But what I am getting at... is the farmhouse was attached to all the different sheds/barns/pens for the winter. So the farmer did not have to go outside in the cold miserable weather; the animals did not go out to suffer through the cold and snow and ice. The farmer did not get lost in snowstorms/blizzards between the house and the different sheds.
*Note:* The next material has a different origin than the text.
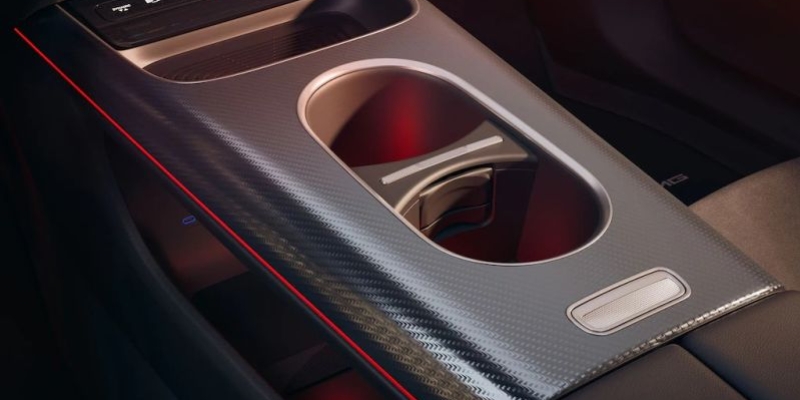 Consolle centrale su due livelli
My extended family in VT had a dairy... The farm house had a wood shed attached to the house, the winters' wood was stored in there and kept dry and accessible. From there they went into a repair shop/storage type small shed... There was a door on the back of that for the old outhouse..(🥶 )...went through the shop into an attached corn crib for ear corn.....and through another shed had the chickens in part of it... all the meat birds had been killed for the winter and only the layers and the roosters for fertile eggs were kept and fed through the winter.... then there was the BIG BARN... with the dairy cattle in the stanchions, the milk house closest to the house and then the cows and at the end, sorta off into an L were the calf pens but still under the big barn roof... and there was one good sized pen with the 2 sows and a smaller pen with the boar hog. They actually had an L built out off the big barn for the hogs but if it was real cold, they brought them inside.... The hay in the mow, the cattle in the barn with the doors closed kept it in the 40's and above to where the water did not hardly freeze.... The hogs were in deep bedding... they weren't cleaned out until a thaw and they were able to spread cow manure and the part where the hogs did their manure was partially cleaned out, to keep it a little cleaner. But the chickens were not cleaned until spring, as well as alot of manure from the cows that was stored outside in a "manure pile", and whatever the hogs etc made... as it was spread in the spring for fertilizer for the fields.
The floor directly above the cows was for hay storage on the sides and an aisle in the center for whatever they needed to get inside. Some barns had a 3rd floor for the hay fork on the hay trolley that ran the length of the barn center beam, with a big door at one end that you could lift the hay up and then it could travel to where you needed it and it got forked to where you needed it.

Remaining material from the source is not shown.